Problem details: Your output should repeat the entries below exactly. It should contain no images.

Images for object localization:
::::::::::

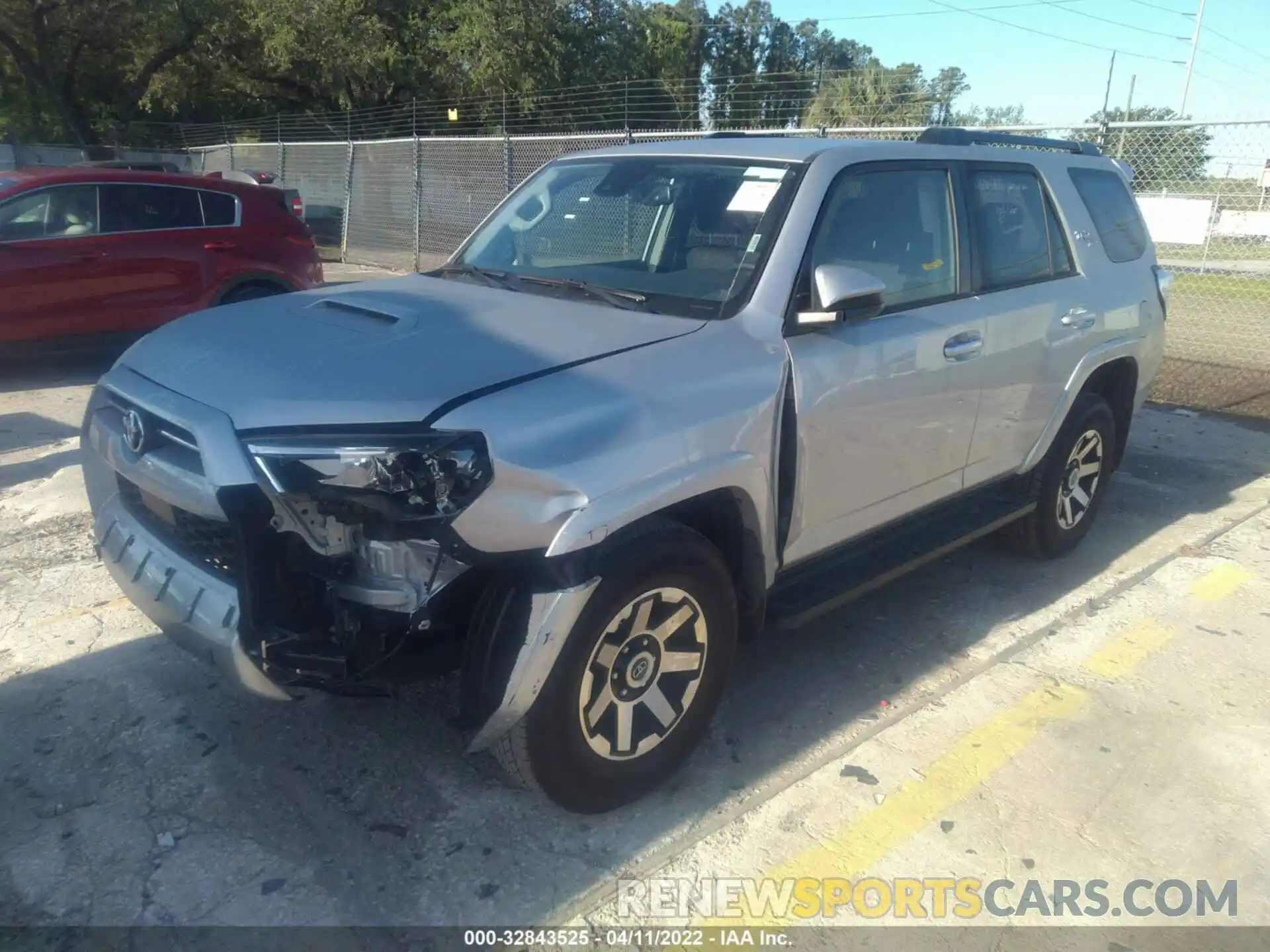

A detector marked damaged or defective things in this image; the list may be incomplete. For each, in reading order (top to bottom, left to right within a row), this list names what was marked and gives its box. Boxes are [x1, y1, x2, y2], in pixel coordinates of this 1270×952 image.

damaged front end [233, 431, 495, 695]
broken headlight [245, 431, 492, 538]
crumpled hood [119, 275, 706, 431]
cracked concrete [2, 368, 1270, 934]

::::::::::

Task response:
A detector marked damaged or defective things in this image; the list may be incomplete. For each, in reading order (top to bottom, left to right within a row), this list names what was marked and gives its box. Boxes are [x1, y1, x2, y2], in pixel coordinates of this 1270×952 image.

damaged front end [233, 431, 495, 695]
broken headlight [245, 431, 492, 538]
crumpled hood [119, 275, 706, 431]
cracked concrete [2, 368, 1270, 934]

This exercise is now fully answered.